To do: Restate the entries word for word and skip every image.

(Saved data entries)

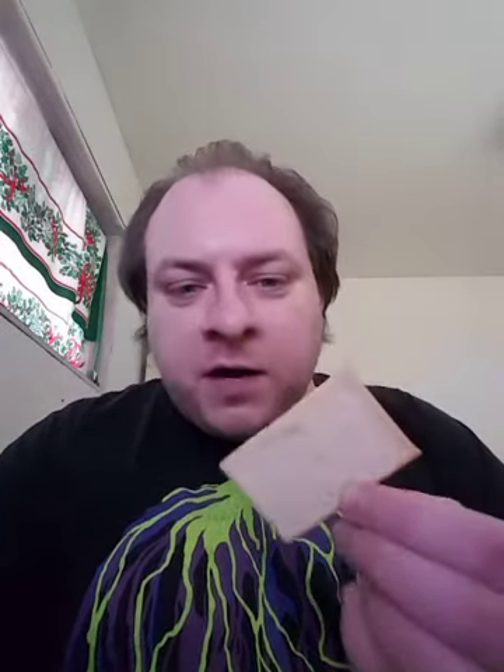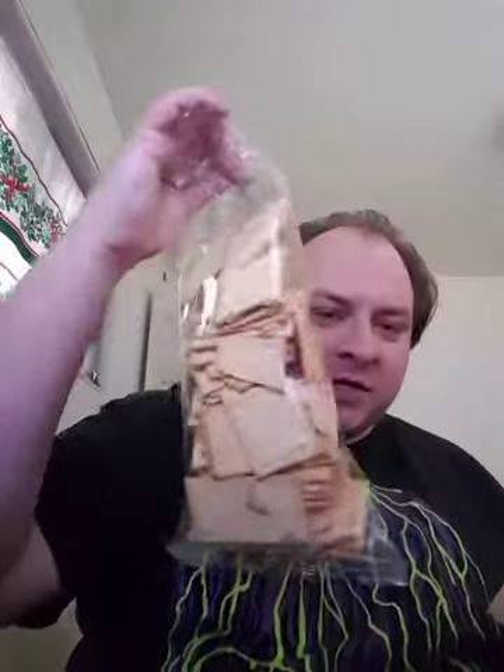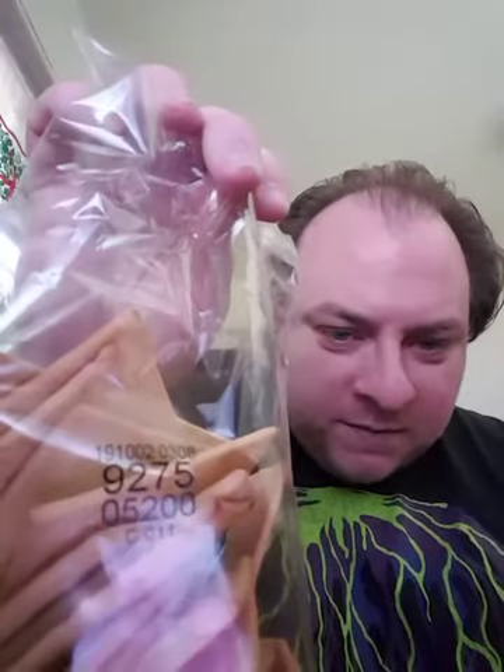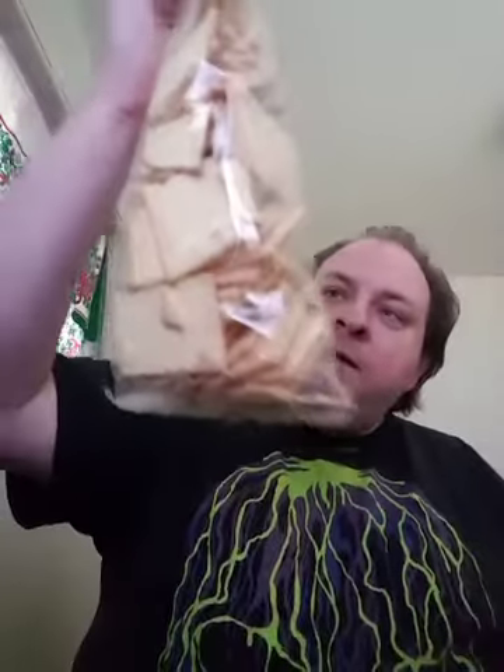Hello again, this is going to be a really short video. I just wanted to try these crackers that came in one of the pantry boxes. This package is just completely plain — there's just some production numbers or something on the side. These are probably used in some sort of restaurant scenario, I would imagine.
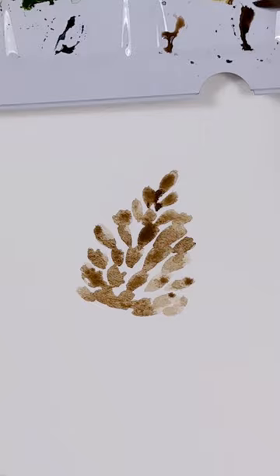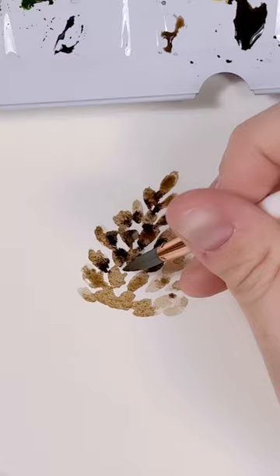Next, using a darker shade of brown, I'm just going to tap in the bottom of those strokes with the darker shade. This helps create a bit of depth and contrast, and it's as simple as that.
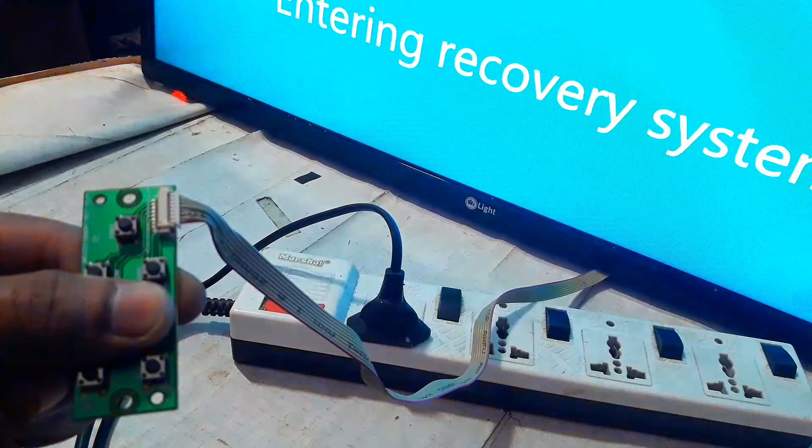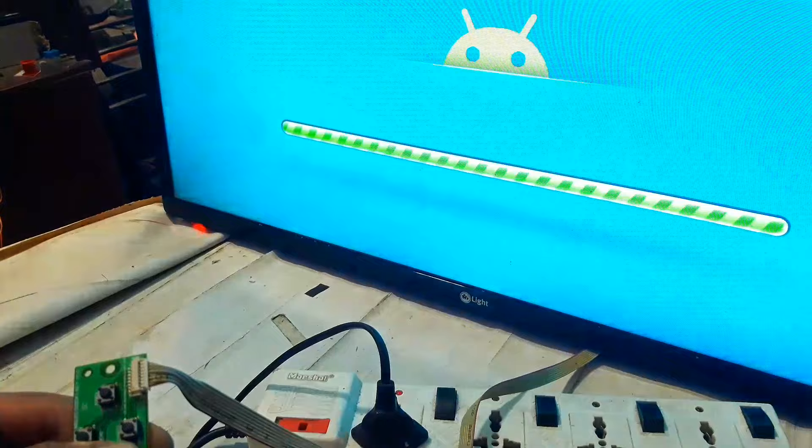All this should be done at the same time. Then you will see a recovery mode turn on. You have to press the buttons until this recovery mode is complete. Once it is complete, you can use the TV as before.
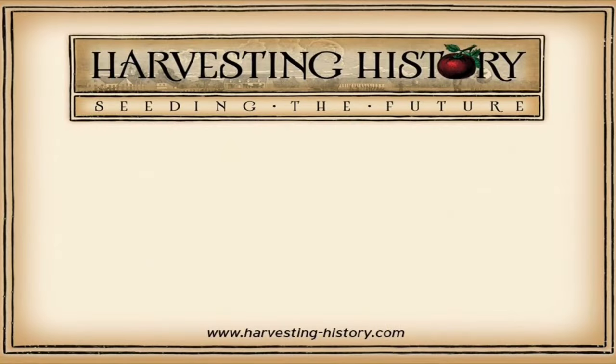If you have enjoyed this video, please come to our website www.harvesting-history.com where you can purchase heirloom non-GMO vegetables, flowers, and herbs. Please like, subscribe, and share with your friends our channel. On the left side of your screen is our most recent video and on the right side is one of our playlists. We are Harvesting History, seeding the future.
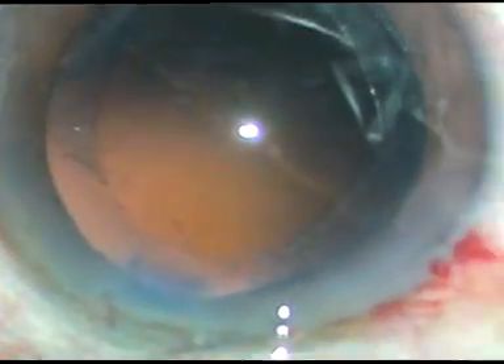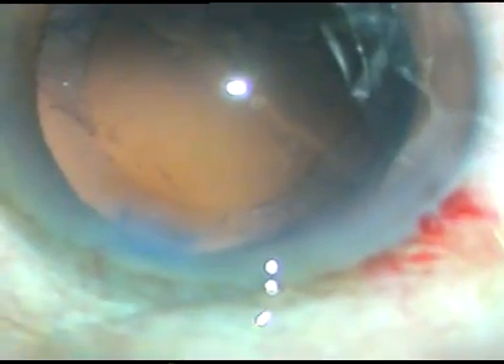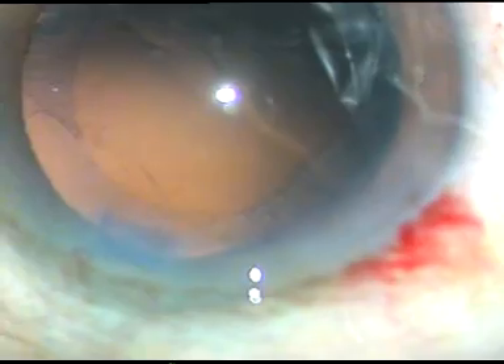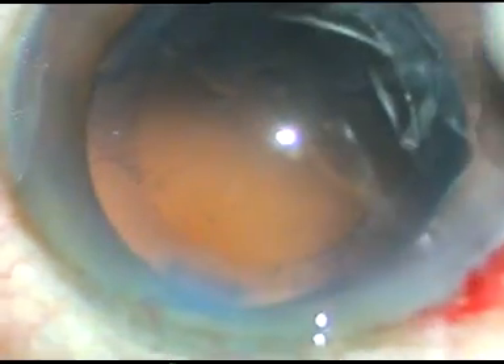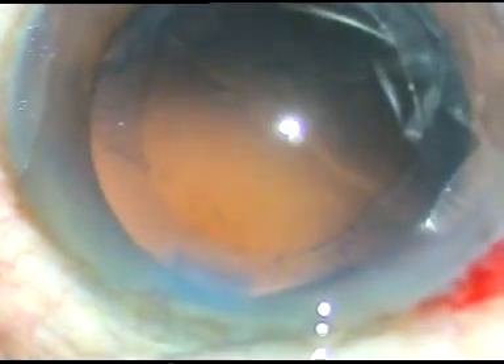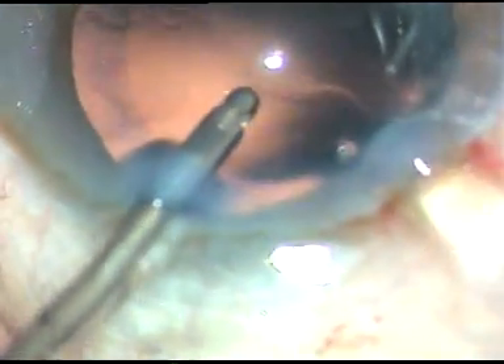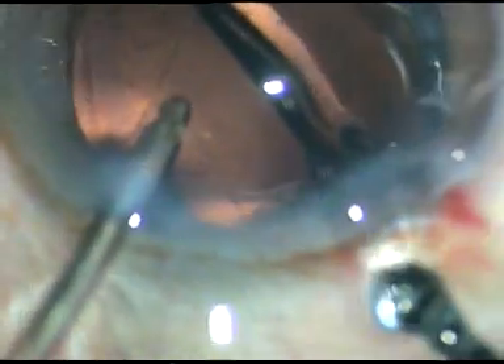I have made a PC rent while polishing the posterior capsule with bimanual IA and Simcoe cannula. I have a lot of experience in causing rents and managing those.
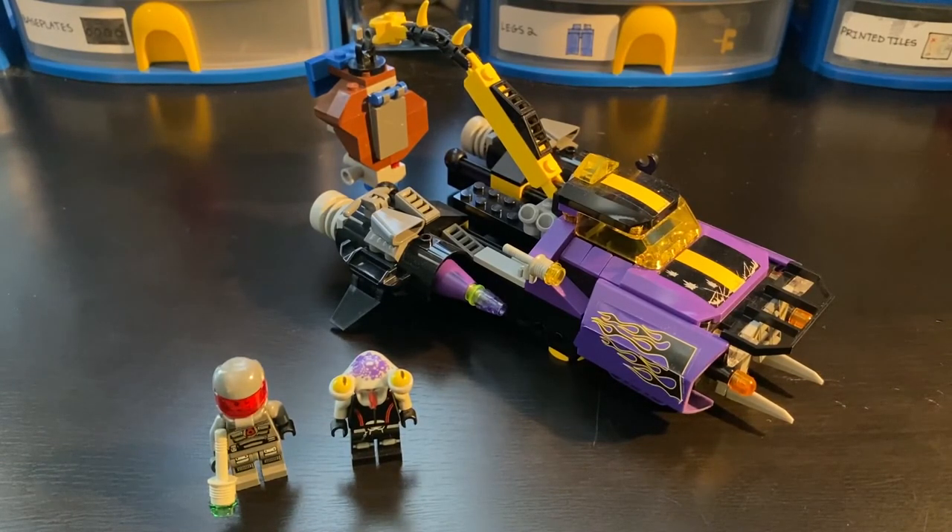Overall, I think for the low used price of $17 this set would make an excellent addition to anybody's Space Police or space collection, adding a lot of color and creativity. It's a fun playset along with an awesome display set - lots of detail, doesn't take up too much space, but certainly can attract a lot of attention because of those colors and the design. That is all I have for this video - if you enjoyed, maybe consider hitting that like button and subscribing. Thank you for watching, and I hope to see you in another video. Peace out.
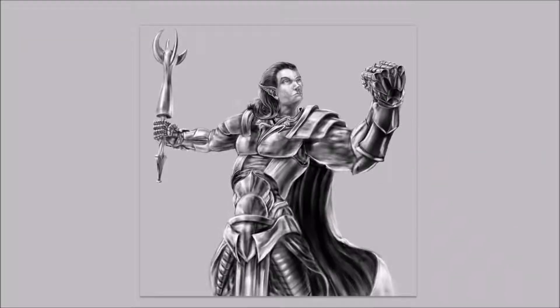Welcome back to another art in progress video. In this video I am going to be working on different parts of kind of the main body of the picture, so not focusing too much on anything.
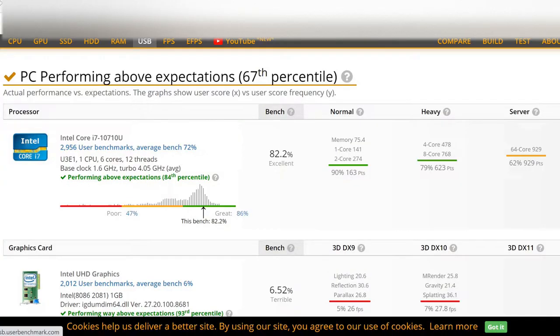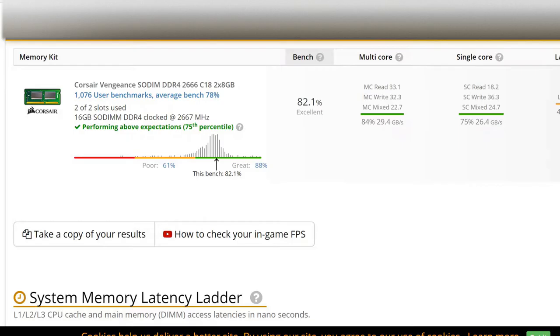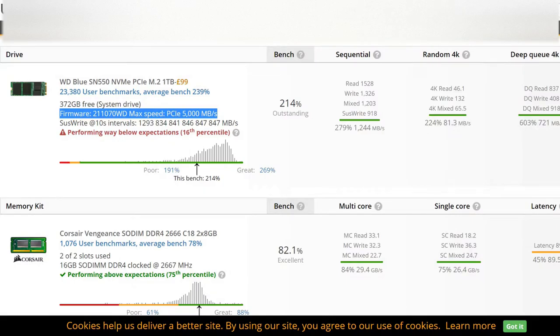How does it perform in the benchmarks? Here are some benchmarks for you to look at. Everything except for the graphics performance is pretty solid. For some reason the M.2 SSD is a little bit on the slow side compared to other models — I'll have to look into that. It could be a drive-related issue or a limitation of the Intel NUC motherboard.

Exercise result:
Hello again, this is going to be a really short video. I just wanted to try these crackers that came in one of the pantry boxes. This package is just completely plain — there's just some production numbers or something on the side. These are probably used in some sort of restaurant scenario, I would imagine.
Next, using a darker shade of brown, I'm just going to tap in the bottom of those strokes with the darker shade. This helps create a bit of depth and contrast, and it's as simple as that.
All this should be done at the same time. Then you will see a recovery mode turn on. You have to press the buttons until this recovery mode is complete. Once it is complete, you can use the TV as before.
If you have enjoyed this video, please come to our website www.harvesting-history.com where you can purchase heirloom non-GMO vegetables, flowers, and herbs. Please like, subscribe, and share with your friends our channel. On the left side of your screen is our most recent video and on the right side is one of our playlists. We are Harvesting History, seeding the future.
I have made a PC rent while polishing the posterior capsule with bimanual IA and Simcoe cannula. I have a lot of experience in causing rents and managing those.
Overall, I think for the low used price of $17 this set would make an excellent addition to anybody's Space Police or space collection, adding a lot of color and creativity. It's a fun playset along with an awesome display set - lots of detail, doesn't take up too much space, but certainly can attract a lot of attention because of those colors and the design. That is all I have for this video - if you enjoyed, maybe consider hitting that like button and subscribing. Thank you for watching, and I hope to see you in another video. Peace out.
Welcome back to another art in progress video. In this video I am going to be working on different parts of kind of the main body of the picture, so not focusing too much on anything.
How does it perform in the benchmarks? Here are some benchmarks for you to look at. Everything except for the graphics performance is pretty solid. For some reason the M.2 SSD is a little bit on the slow side compared to other models — I'll have to look into that. It could be a drive-related issue or a limitation of the Intel NUC motherboard.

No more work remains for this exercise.